● **PROBLEM DESCRIPTION**:
Please restate each line of the data below exactly. Omit all images.

(PROVIDED DATA Opens)

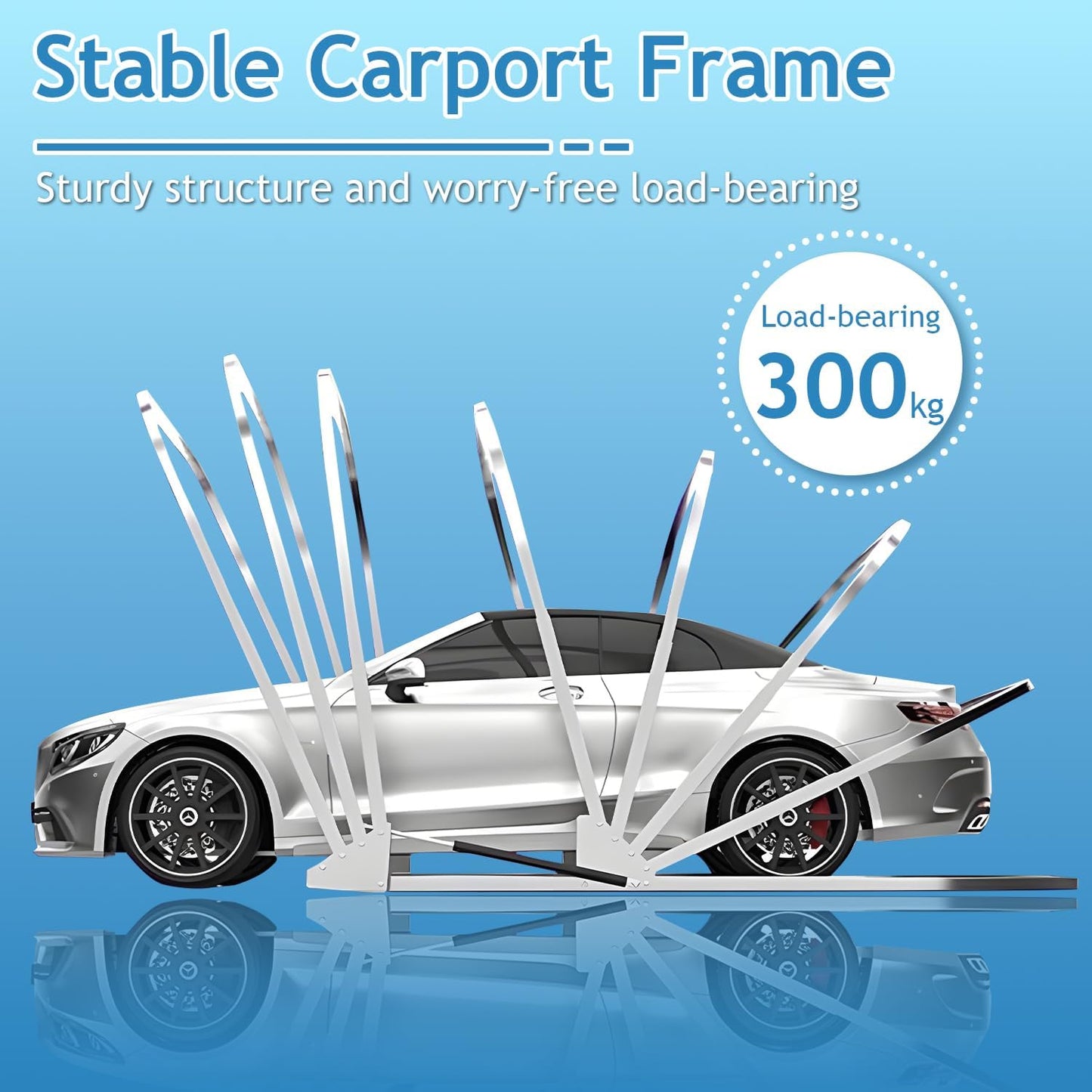 Heavy Duty Carport, Semi-Automatic Retractable Garage, Stainless Steel Folding Car Port, Portable Outdoor Car Tent, for Parking Lot, Yard, Garden, Grey, All Weather Proof, 5.5 * 2.5 * 2.3m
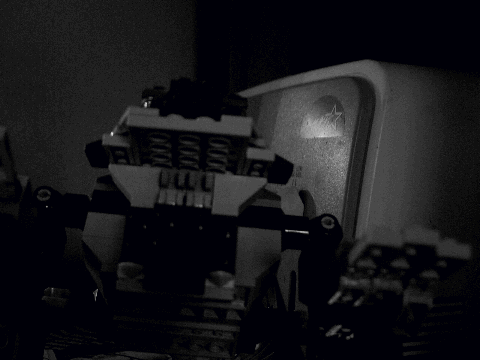 Dancing Black and White LEGO Monkey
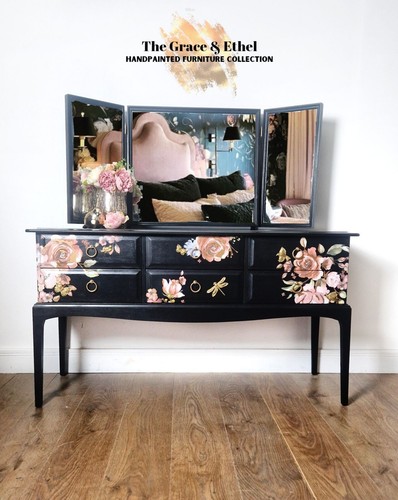 Black stag floral - black,
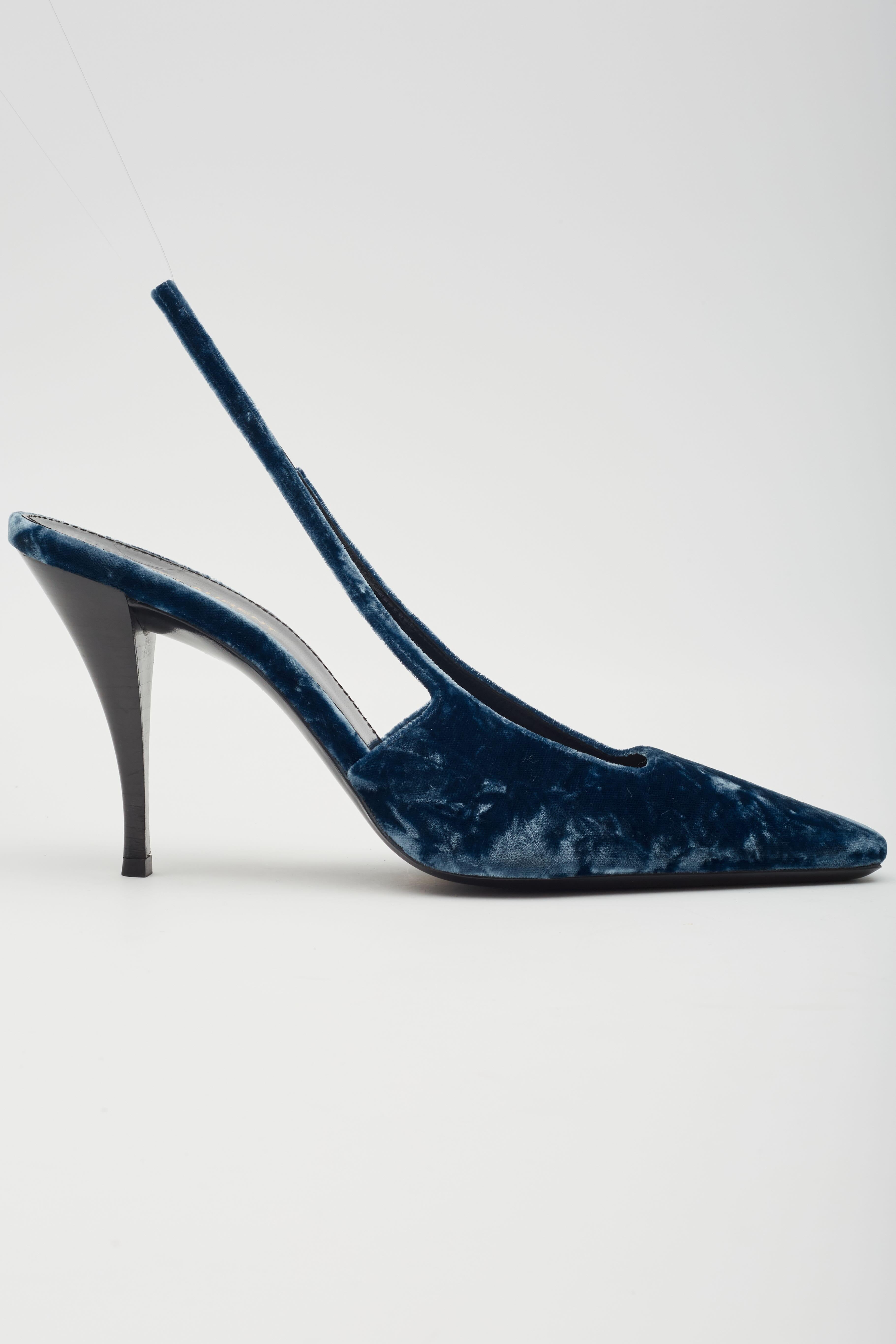 Saint Laurent Velvet Tom Dream Slingback Heels Blue EU 40.5 For Sale 3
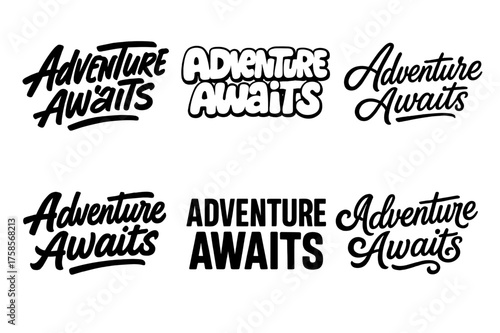 Lettering Adventure Grid. Adventure awaits. Set lettering. harmonious lettering variations of the same emblematic concept (Dynamic brushstroke graffiti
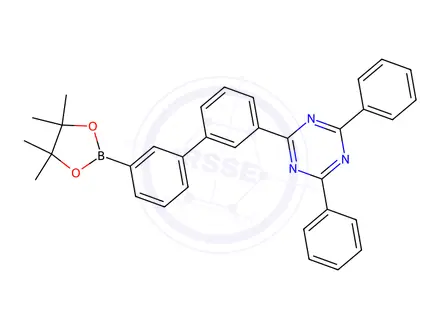 Chemical structure of 2,4-diphenyl-6-[3'-(4,4,5,5-tetramethyl-1,3,2-dioxaborolan-2-yl)[1,1'-biphenyl]-3-yl]-1,3,5-Triazine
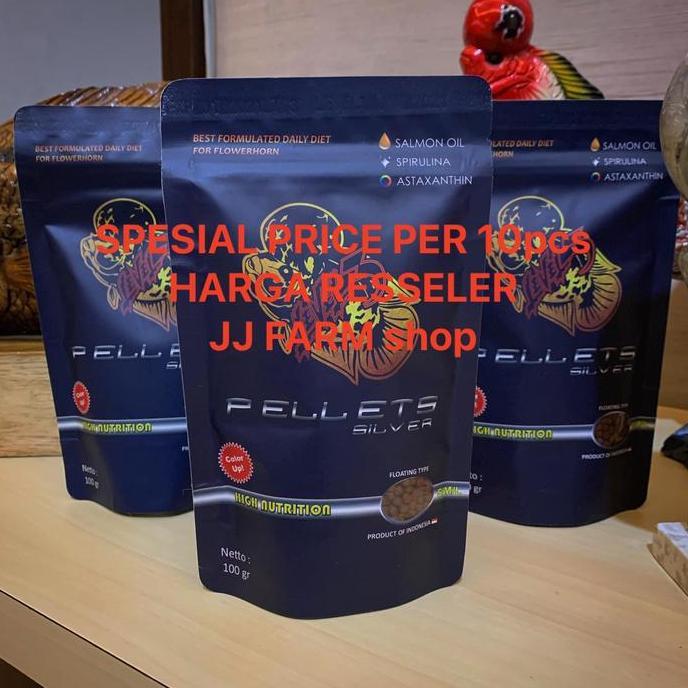 NEW Pelet level3 silver 10pcs resseler makanan ikan louhan koi koki oscar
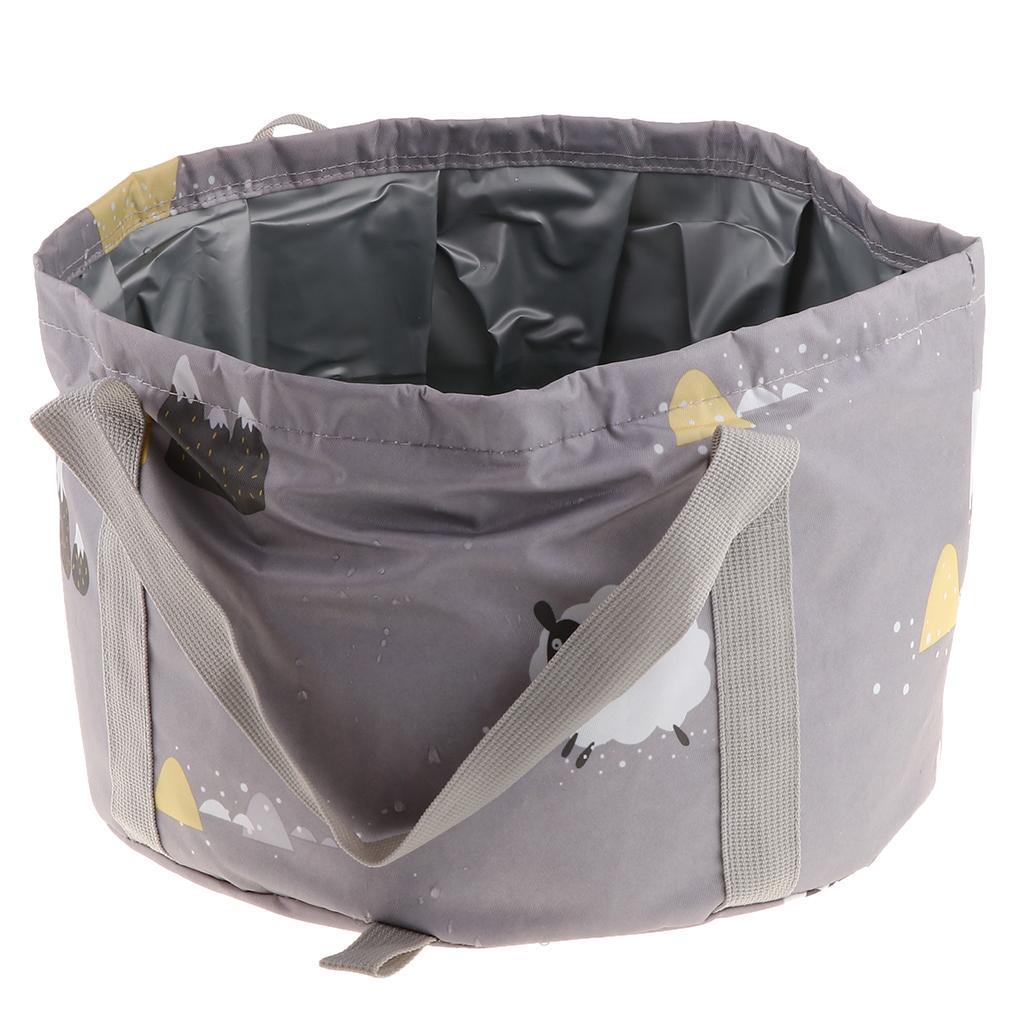 Portable Folding Washbasin Foot Basin Collapsible Dish Tub Bucket Gray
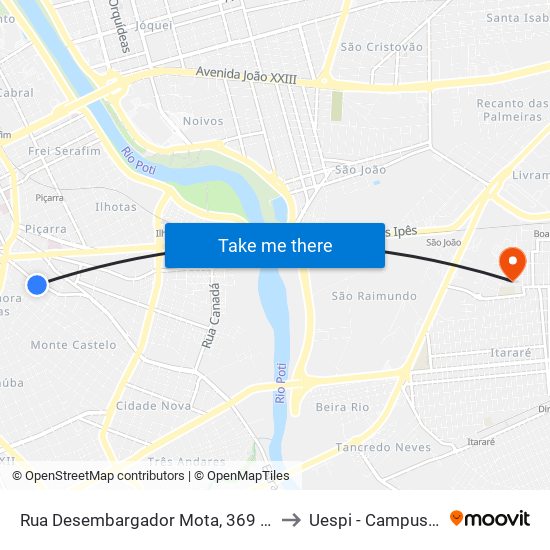 Rua Desembargador Mota, 369 | Oposto Ao 6a Dp / Ssp to Uespi - Campus Clóvis Moura map
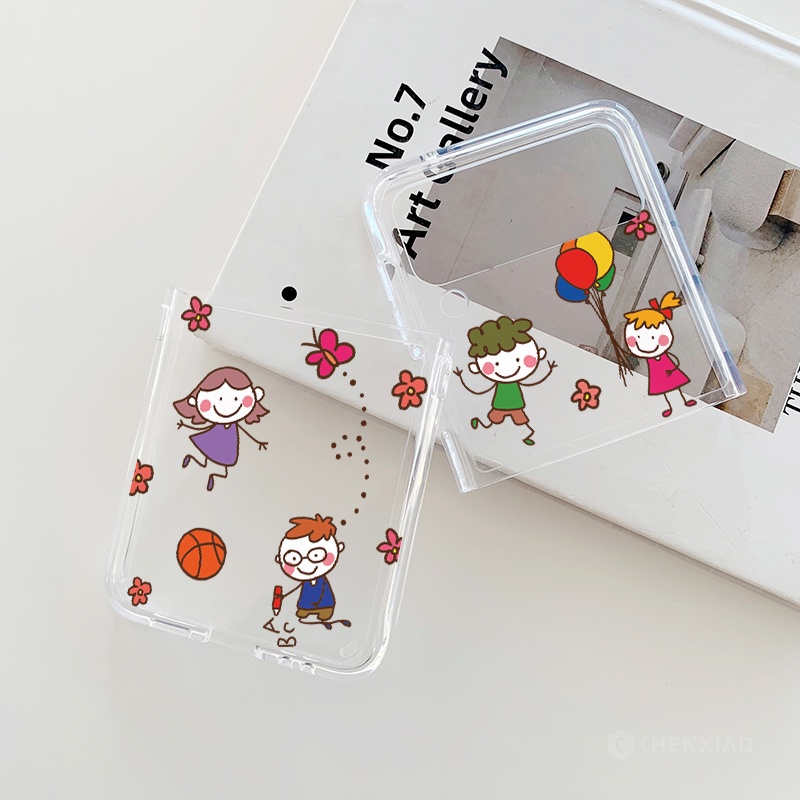Bao Da Điện Thoại Nắp Gập Chống Rơi Trong Suốt In Họa Tiết Hoạt Hình Dễ Thương Dành Cho samsung galaxy z flip 4 flip3 flip1 / 2 Vỏ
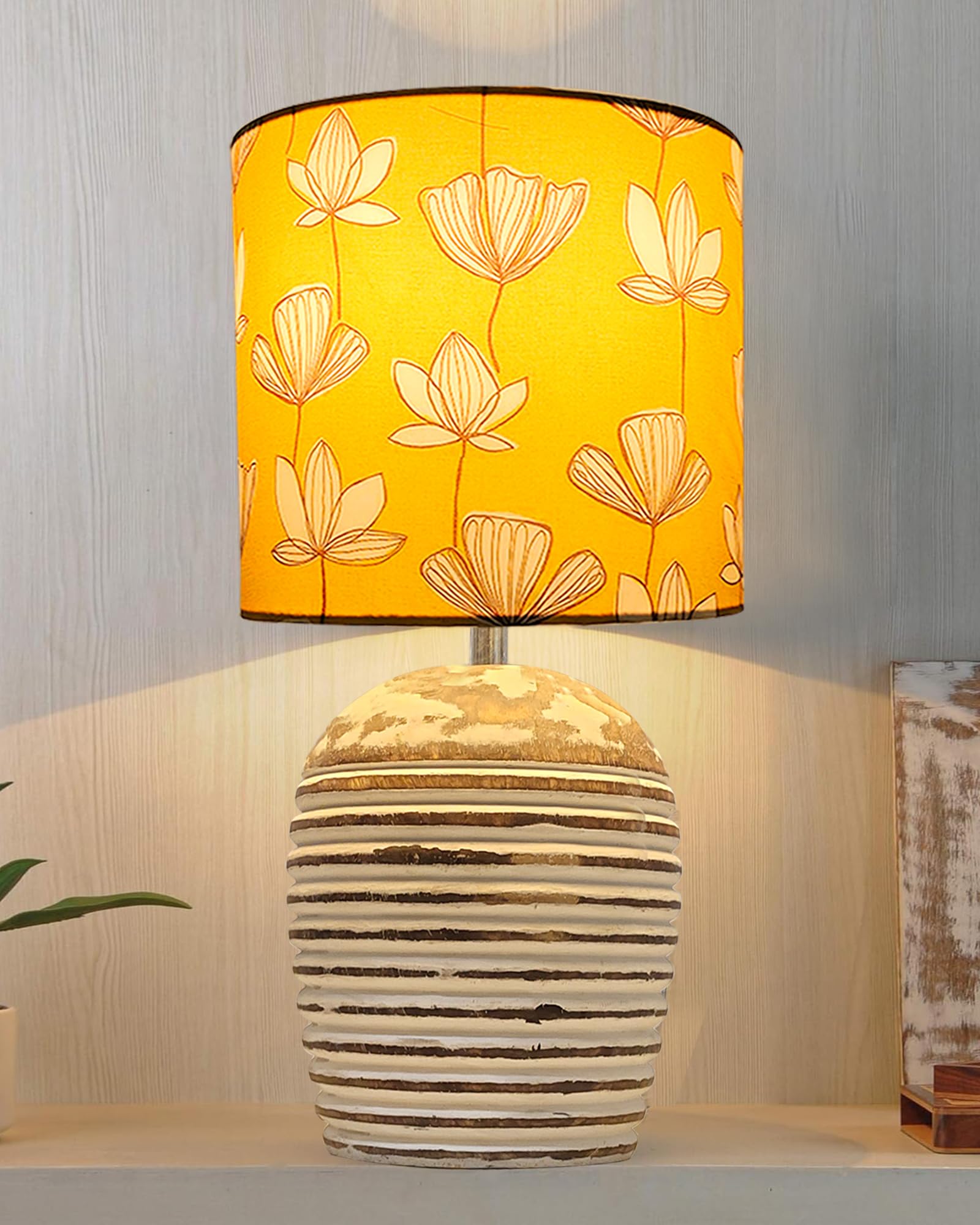 Modern Table Lamp, Wooden Base Modern Fabric Lampshade for Home Office Cafe Restaurant, Ribbed Basket,(Hibiscus) (B0CQYVCQBP) Amazon Price History, Amazon Price Tracker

(PROVIDED DATA Closes)

● **SOLUTION TO THIS EXERCISE**:
 Heavy Duty Carport, Semi-Automatic Retractable Garage, Stainless Steel Folding Car Port, Portable Outdoor Car Tent, for Parking Lot, Yard, Garden, Grey, All Weather Proof, 5.5 * 2.5 * 2.3m
 Dancing Black and White LEGO Monkey
 Black stag floral - black,
 Saint Laurent Velvet Tom Dream Slingback Heels Blue EU 40.5 For Sale 3
 Lettering Adventure Grid. Adventure awaits. Set lettering. harmonious lettering variations of the same emblematic concept (Dynamic brushstroke graffiti
 Chemical structure of 2,4-diphenyl-6-[3'-(4,4,5,5-tetramethyl-1,3,2-dioxaborolan-2-yl)[1,1'-biphenyl]-3-yl]-1,3,5-Triazine
 NEW Pelet level3 silver 10pcs resseler makanan ikan louhan koi koki oscar
 Portable Folding Washbasin Foot Basin Collapsible Dish Tub Bucket Gray
 Rua Desembargador Mota, 369 | Oposto Ao 6a Dp / Ssp to Uespi - Campus Clóvis Moura map
Bao Da Điện Thoại Nắp Gập Chống Rơi Trong Suốt In Họa Tiết Hoạt Hình Dễ Thương Dành Cho samsung galaxy z flip 4 flip3 flip1 / 2 Vỏ
 Modern Table Lamp, Wooden Base Modern Fabric Lampshade for Home Office Cafe Restaurant, Ribbed Basket,(Hibiscus) (B0CQYVCQBP) Amazon Price History, Amazon Price Tracker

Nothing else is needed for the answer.